● Task goal
Once you find the line with "So the question" in the data that follows, repeat it and every line after it exactly, through the line with "We also recommend".

● Data records

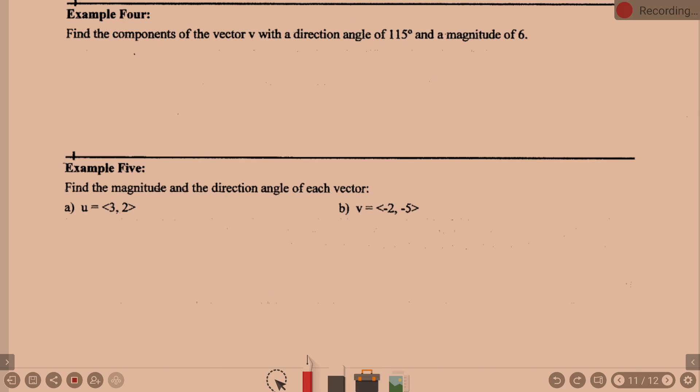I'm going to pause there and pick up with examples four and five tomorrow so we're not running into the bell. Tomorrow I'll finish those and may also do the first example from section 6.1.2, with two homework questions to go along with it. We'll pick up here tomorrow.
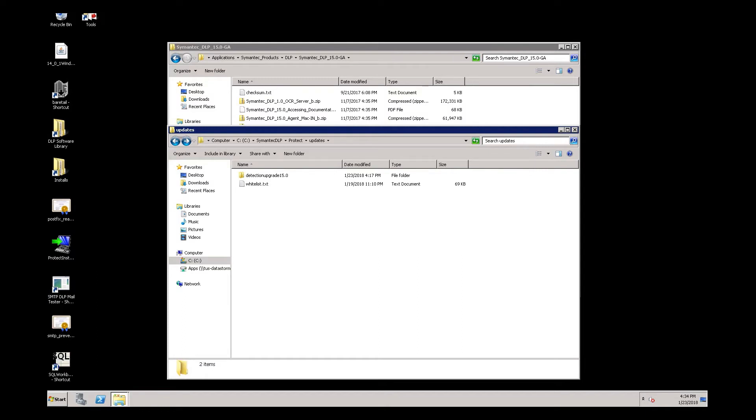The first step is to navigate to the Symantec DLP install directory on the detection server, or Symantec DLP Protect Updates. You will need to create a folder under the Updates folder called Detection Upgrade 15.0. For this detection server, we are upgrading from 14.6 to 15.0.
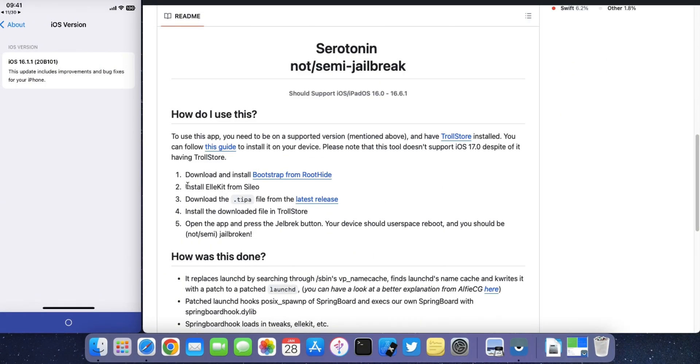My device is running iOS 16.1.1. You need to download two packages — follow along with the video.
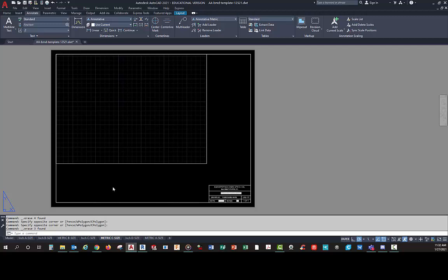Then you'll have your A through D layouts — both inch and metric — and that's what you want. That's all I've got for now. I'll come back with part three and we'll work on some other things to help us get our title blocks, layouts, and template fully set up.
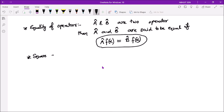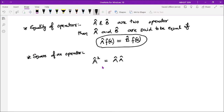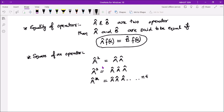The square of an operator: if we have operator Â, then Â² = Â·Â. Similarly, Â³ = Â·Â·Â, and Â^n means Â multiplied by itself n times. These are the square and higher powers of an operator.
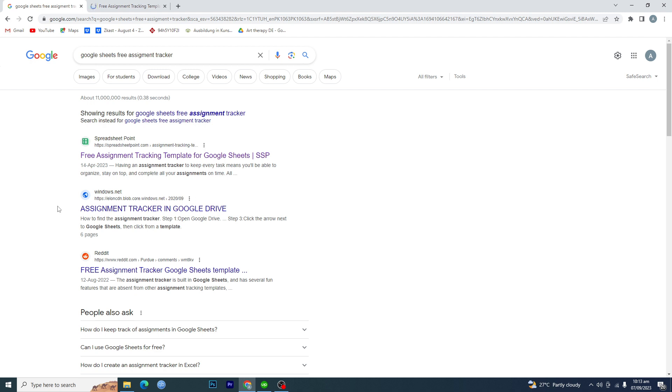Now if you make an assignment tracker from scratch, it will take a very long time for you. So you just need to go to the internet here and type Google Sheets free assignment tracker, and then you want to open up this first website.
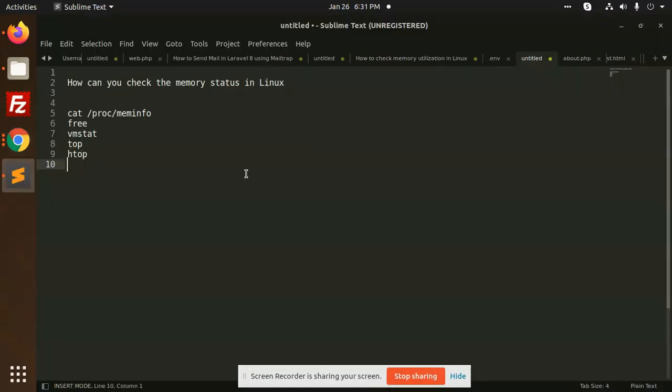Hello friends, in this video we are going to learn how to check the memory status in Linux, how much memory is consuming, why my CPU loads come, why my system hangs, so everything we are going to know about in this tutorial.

---

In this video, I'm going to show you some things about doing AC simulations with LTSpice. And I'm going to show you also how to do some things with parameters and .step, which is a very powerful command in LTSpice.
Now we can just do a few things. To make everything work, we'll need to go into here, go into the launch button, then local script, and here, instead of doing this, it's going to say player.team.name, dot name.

--

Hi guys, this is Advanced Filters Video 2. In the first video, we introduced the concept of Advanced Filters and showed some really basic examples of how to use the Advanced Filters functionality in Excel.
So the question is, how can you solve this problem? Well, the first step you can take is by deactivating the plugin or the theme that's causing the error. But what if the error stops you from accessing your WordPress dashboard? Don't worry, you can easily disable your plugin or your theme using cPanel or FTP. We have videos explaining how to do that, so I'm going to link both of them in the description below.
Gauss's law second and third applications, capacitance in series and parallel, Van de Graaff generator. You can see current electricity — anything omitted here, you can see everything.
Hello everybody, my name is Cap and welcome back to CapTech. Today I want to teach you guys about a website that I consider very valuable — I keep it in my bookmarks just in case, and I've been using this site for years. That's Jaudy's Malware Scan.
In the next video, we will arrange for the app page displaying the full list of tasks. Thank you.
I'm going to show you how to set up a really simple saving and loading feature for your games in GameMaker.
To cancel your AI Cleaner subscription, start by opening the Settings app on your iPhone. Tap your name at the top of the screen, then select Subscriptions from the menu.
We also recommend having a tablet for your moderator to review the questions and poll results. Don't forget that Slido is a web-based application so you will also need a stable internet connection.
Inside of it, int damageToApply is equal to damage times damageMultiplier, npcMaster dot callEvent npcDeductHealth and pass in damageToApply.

● Task response
So the question is, how can you solve this problem? Well, the first step you can take is by deactivating the plugin or the theme that's causing the error. But what if the error stops you from accessing your WordPress dashboard? Don't worry, you can easily disable your plugin or your theme using cPanel or FTP. We have videos explaining how to do that, so I'm going to link both of them in the description below.
Gauss's law second and third applications, capacitance in series and parallel, Van de Graaff generator. You can see current electricity — anything omitted here, you can see everything.
Hello everybody, my name is Cap and welcome back to CapTech. Today I want to teach you guys about a website that I consider very valuable — I keep it in my bookmarks just in case, and I've been using this site for years. That's Jaudy's Malware Scan.
In the next video, we will arrange for the app page displaying the full list of tasks. Thank you.
I'm going to show you how to set up a really simple saving and loading feature for your games in GameMaker.
To cancel your AI Cleaner subscription, start by opening the Settings app on your iPhone. Tap your name at the top of the screen, then select Subscriptions from the menu.
We also recommend having a tablet for your moderator to review the questions and poll results. Don't forget that Slido is a web-based application so you will also need a stable internet connection.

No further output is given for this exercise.